The officers involved were placed on administrative leave, a standard move after shootings.
An estimated 300 protesters who gathered outside the local police station pelted officers Tuesday night with eggs, rocks and bottles and set a trash bin on fire. Others dropped household items from apartment buildings.
Officers fired at least two rounds of foam projectiles at demonstrators and 22 people were arrested, mainly for failure to disperse and unlawful assembly.
A night earlier, three officers were slightly injured by thrown objects and four people were arrested on suspicion of misdemeanor inciting a riot.
Police Chief Charlie Beck said he was surprised by the extent of the protests. Though he was withholding judgment on the case pending an investigation, he said the shooting seemed relatively non-controversial.
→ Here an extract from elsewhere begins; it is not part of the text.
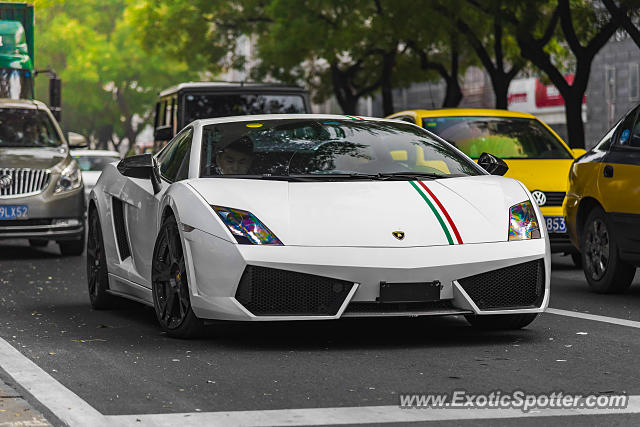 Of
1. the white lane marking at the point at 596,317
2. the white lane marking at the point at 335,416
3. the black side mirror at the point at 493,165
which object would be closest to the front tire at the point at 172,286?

"This was a tragic thing, I wish it would have worked out different," Beck said. "But the facts are very straightforward."
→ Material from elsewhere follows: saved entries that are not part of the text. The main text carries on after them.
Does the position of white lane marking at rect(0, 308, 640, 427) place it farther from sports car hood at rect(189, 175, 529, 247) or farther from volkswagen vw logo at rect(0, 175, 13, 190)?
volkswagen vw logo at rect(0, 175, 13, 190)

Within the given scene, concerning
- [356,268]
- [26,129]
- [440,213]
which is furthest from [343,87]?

Beck said the protests were the culmination of a variety of frustrations, including a terrible economy and a feeling of victimization among immigrants who say the U.S. population likes to blame them for many of society's shortcomings.
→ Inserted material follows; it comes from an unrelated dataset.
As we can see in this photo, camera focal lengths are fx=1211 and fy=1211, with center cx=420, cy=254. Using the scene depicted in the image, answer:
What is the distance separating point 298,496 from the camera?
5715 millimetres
"As you polarize society, this is the kind of thing that can push forward," the chief said.
He also blamed activist groups, including the Revolutionary Communist Party, for co-opting peaceful vigils and inciting violent protests.
Beck patrolled the area as a captain in the aftermath of the Rampart corruption scandal, in which an LAPD anti-gang unit was the focus of allegations that officers framed and beat innocent people. He said community outreach had improved considerably since then but acknowledged his department could do more.
Sanabria said residents were already angry with the police over strict enforcement of public drinking laws and clampdowns on street vendors. The police department doesn't go after immigrants based on their legal immigration status, but Sanabria said officers still could be more sensitive.
"They don't understand the complexity of the ethnic demographic population they have here," Sanabria said.
He added that Jamines' first language apparently was a Mayan dialect, not Spanish, and said some police need to be trained in it.
The LAPD is vastly different today from the organization it was 20 years ago, with much greater racial and gender diversity. All three officers involved in Sunday's incident were Latino and spoke Spanish, former police chief William Bratton noted.